After serving on its board for several years, Biocon chairperson and managing director Kiran Mazumdar-Shaw was appointed the first woman chairperson of the Indian Institute of Management-Bangalore in February.
She will first complete the remainder of the term of her predecessor, Reliance Industries Chairman Mukesh Ambani, who stepped down before end of his second five-year term.
In an interview with Business Standard, Mazumdar-Shaw spells out her plans for the institution over coming years.
What is your vision for IIM-B?
I have been with the institution for a long time, so I have been part of shaping of the vision for IIM-B. My question has always been how we could differentiate ourselves.
When I look around, I feel the reason why we don’t make it to the top tier of global universities is because we don’t have enough presence in the research domain.
Will you channel your energies towards that?
We have started looking at that very seriously and I think it is paying us the results we expect.
Today, ours is the only IIM that is part of the FT global rankings.
The reason why we feature there is our research component.

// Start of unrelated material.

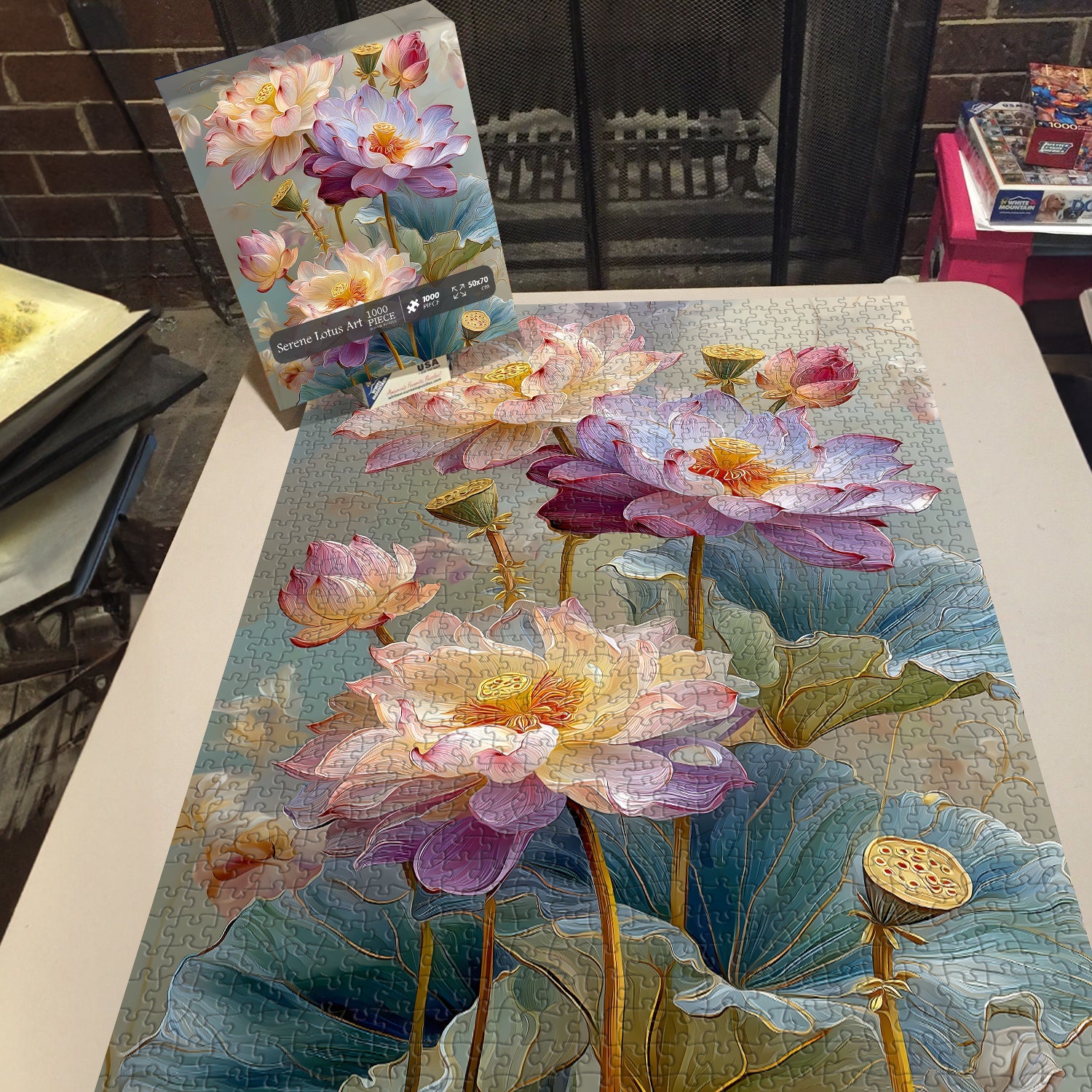 Serene Lotus Art Jigsaw Puzzle 1000 Pieces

So, we’re going to start paying a lot of attention to making sure we are recognised as doing good and serious research.
Are there any other aspects you will be looking at?
We have also focused on a number of very important initiatives -- being Mooc (massive open online course) and our public policy programmes. We have contributed a lot in terms of public policy, where many of our professors have played a very big role.
I think this is a very important point and the starting point for India to get better governance -- asking how we get better policy makers and better policies.
One of the biggest problems today is that there is too much ambiguity.
If you have clear rules and policies, I think this country can be shaped in a much better way.
Is there any particular strength that you would leverage by the virtue of being in Bengaluru?
We are focusing on public policy and research.
When I come in the fray, I want to focus on start-ups -- On how to run good modules for taking ideas into the market.
Since Bengaluru is the start-up capital, I think this would be a very good place for that kind of management programme.
A lot of start-ups are very good at ideating but they are not good at taking those ideas to the market.
That’s one area I want to focus on. W will come out with a number of programmes on that.
Another missing component I feel -- for all B-schools in India -- is that we are not collaborating enough.
I think we need strong global research partnerships. If you want to be a globally recognised B-school, you must be present at a lot of international dicussion forums, conferences, etc.
Is there a plan to connect in a better way with your Alumni?
I want to start the concept of leveraging our alumni all over the world as I feel we are not leveraging them enough.
I want more engagement with the alumni on other forums, besides funding, as their engagement, advice and their inputs will be far more valuable and useful in furthering our international stature.
Harvard and Stanford and Wharton already have these very focused programmes, and we also need to do something similar?